For me, my employment really helped keep me honest, responsible and on track. When my mother died, a friend gave me a special bottle of vodka. My whole family (all my sibs) dealt with her death in a typical COA way. I sat back and let them scrap over the most stupid of her possessions while I drank a couple glasses of wine and let them have whatever they worked out (my house is tiny and I like a zen type space). The next day we buried her, and the day after that I had my first morning after of private quiet mourning and heartache after losing her (my sibs all went home to their out of state residences). The vodka bloody Marys were my breakfast (to this day I cannot drink another), my first blackout and hellacious hangover.
Skip forward about five years of holding it together, working until I retired. I had no idea how much I needed the structure of showing up and being responsible. I missed my job (sense of worth?) and started drinking during the week, first in the evenings.

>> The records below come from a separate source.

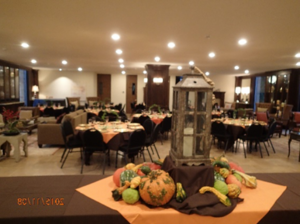 2015年8月11日校友中心楼下的秋季晚宴安排(放大)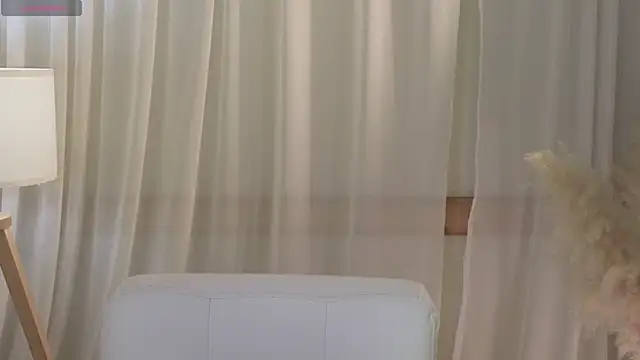 Snapshot of slow_flower chatting on 4, 2, 2026 slow flower online show from 4, 2, 2026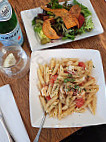 Giovanni's Bistro food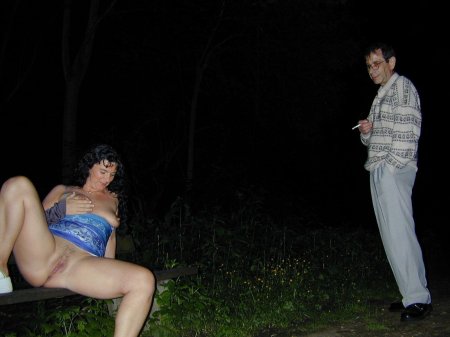 Голая ночью на улице частное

It happened so gradually and escalated over the last four years. I ashamedly can now consume well over half of a fifth in one day. I hate being a sot. I hate spending the money, I don't drink every day but I think about it. I avoid friends and family if I am drinking because then they would know if I'm slurring my words. I worry about falling and no one will find me for days. I worry about what it's doing to my heart, what if I die in my sleep of a heart attack. I am anal in that I clean my house, tidy up, have on clothes, papers bills and so forth in order just in case... what if the paramedics were called to rescue me or a fire broke out and I was passed out.
I have a long distance relationship with my SO, we do not live together but spend long weekends with each other. He had a medical issue in April which he's still dealing with (brain tumor that is cancerous). He's an unusually happy guy but he drinks to excess whether I join him or not, and because of this cancer he wants to make a permanent move in together. I dread the thought of having to deal with his drinking, I know I want to be there for his illness but not help him run his health into the ground. I know heavy drinking has born its consequences with my own health and I miss the strength, stamina, active life I once lived. I have myself to blame. I'm mostly sober but I'd love to do a yoga retreatment (I just made that word up I think) to really cleanse and restore my self, my soul. This is the only life I get and I want to make it the best years of my life.... I need help doing that. Thank you for listening, and as always, your candid input. This website has been awesome.
Member
Join Date: Feb 2018
Posts: 19
I gradually started drinking more and more too can certainly relate!!!! I am so glad I found this site this site for support everyone has been so great and welcoming!! We can start pur journeys together ❤❤❤ we can do this!!!!
Welcome!
Alcoholism is progressive and it sounds like that's what you're experiencing. I'm glad you're ready to stop drinking.
Of course you want to be there for your SO, but it wouldn't be the best decision for you to be around someone who was drinking.
Alcoholism is progressive and it sounds like that's what you're experiencing. I'm glad you're ready to stop drinking.
Of course you want to be there for your SO, but it wouldn't be the best decision for you to be around someone who was drinking.